* _Task data_:
[Start of section]

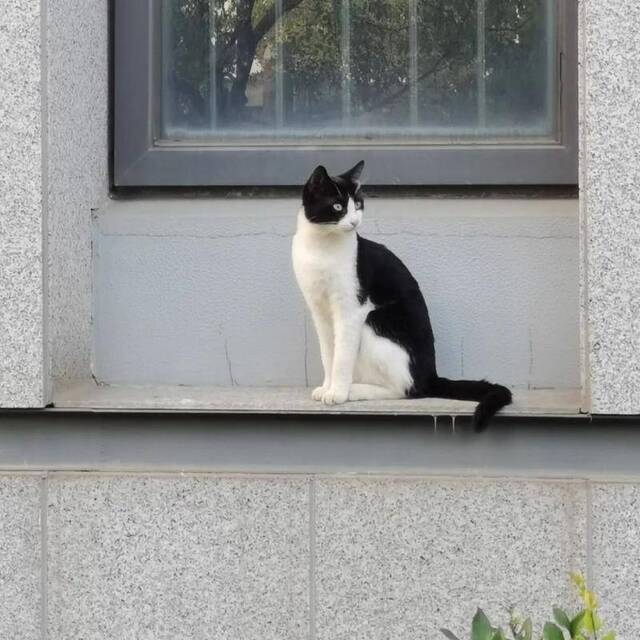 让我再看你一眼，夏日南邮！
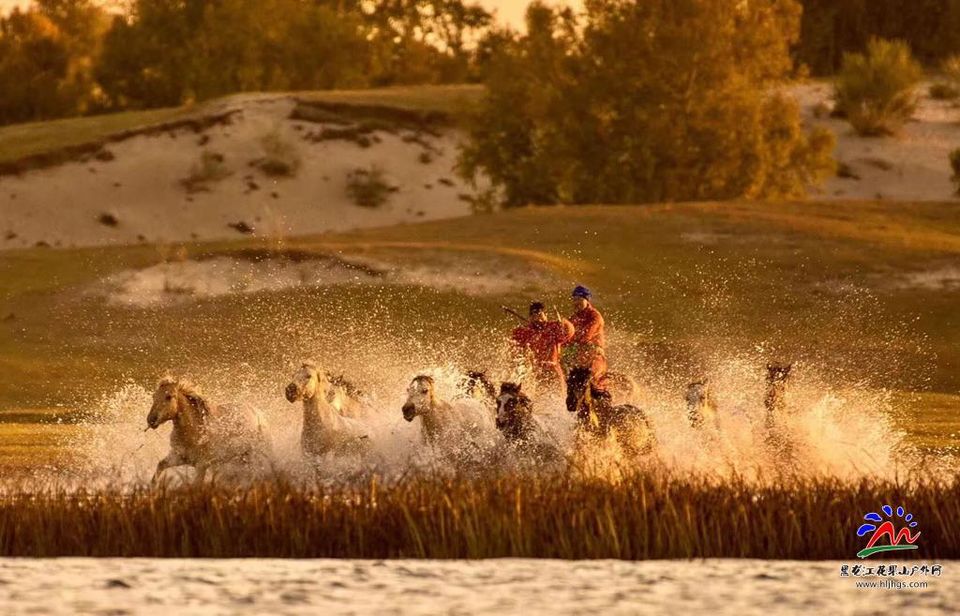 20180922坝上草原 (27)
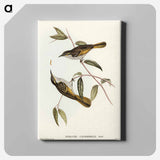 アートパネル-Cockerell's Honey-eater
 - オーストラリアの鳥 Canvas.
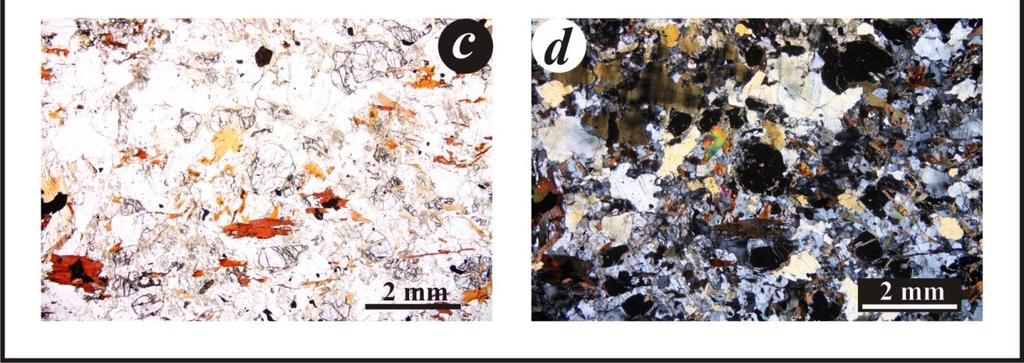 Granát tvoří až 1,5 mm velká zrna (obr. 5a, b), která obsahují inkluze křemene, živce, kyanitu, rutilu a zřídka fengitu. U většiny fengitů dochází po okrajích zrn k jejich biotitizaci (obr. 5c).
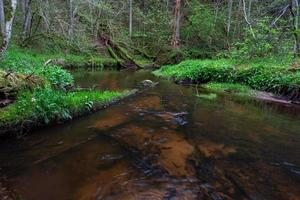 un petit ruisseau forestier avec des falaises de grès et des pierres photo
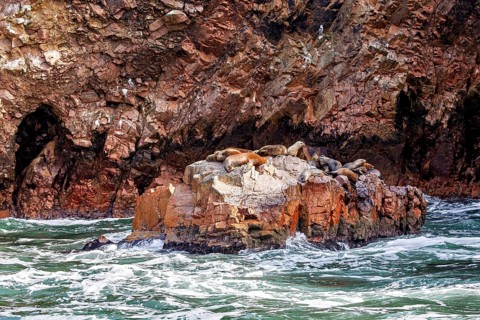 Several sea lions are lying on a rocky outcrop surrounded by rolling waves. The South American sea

[End of section]

* _Directions for this task_:
Output all of the data exactly as it stands, minus any images.

* _Response area_:
 让我再看你一眼，夏日南邮！
 20180922坝上草原 (27)
 アートパネル-Cockerell's Honey-eater
 - オーストラリアの鳥 Canvas.
 Granát tvoří až 1,5 mm velká zrna (obr. 5a, b), která obsahují inkluze křemene, živce, kyanitu, rutilu a zřídka fengitu. U většiny fengitů dochází po okrajích zrn k jejich biotitizaci (obr. 5c).
 un petit ruisseau forestier avec des falaises de grès et des pierres photo
 Several sea lions are lying on a rocky outcrop surrounded by rolling waves. The South American sea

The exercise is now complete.